= Source records =
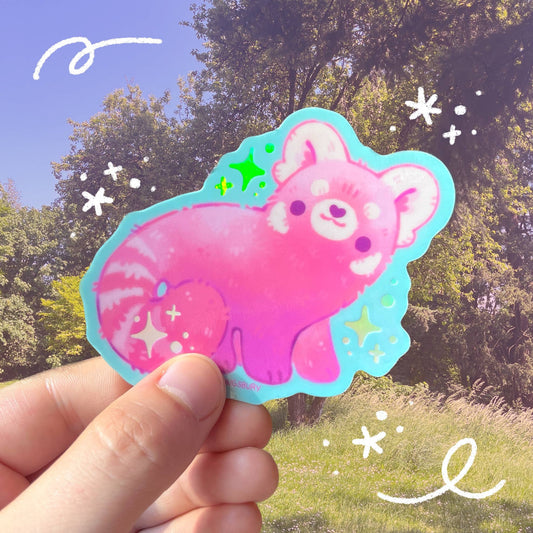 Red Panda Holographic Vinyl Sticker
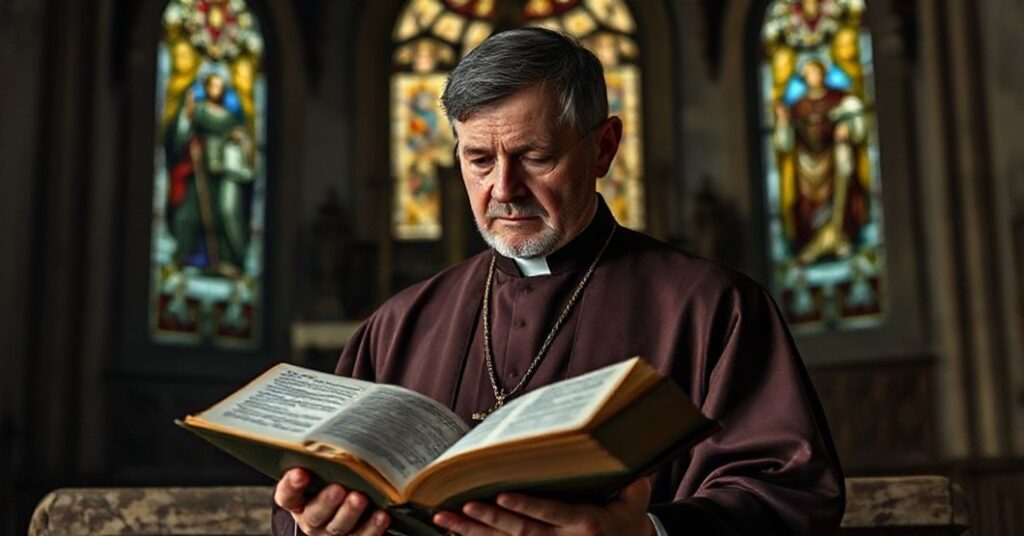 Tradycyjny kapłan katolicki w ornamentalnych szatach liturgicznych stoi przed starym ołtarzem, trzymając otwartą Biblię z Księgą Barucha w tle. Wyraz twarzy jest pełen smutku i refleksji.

--

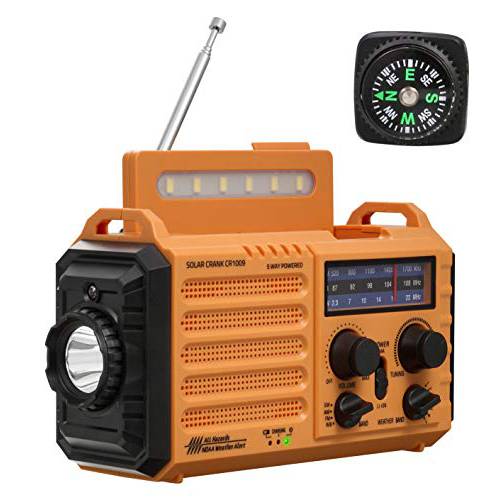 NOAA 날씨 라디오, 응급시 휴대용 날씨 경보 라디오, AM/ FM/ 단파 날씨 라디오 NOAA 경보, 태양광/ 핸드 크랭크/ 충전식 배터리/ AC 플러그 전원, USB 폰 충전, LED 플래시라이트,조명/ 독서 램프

= Your objective =
Set down, exactly as written above, each line from the one with "Red Panda Holographic Vinyl Sticker" through the one with "Tradycyjny kapłan katolicki", and skip the pictures.

= Result of this task =
 Red Panda Holographic Vinyl Sticker
 Tradycyjny kapłan katolicki w ornamentalnych szatach liturgicznych stoi przed starym ołtarzem, trzymając otwartą Biblię z Księgą Barucha w tle. Wyraz twarzy jest pełen smutku i refleksji.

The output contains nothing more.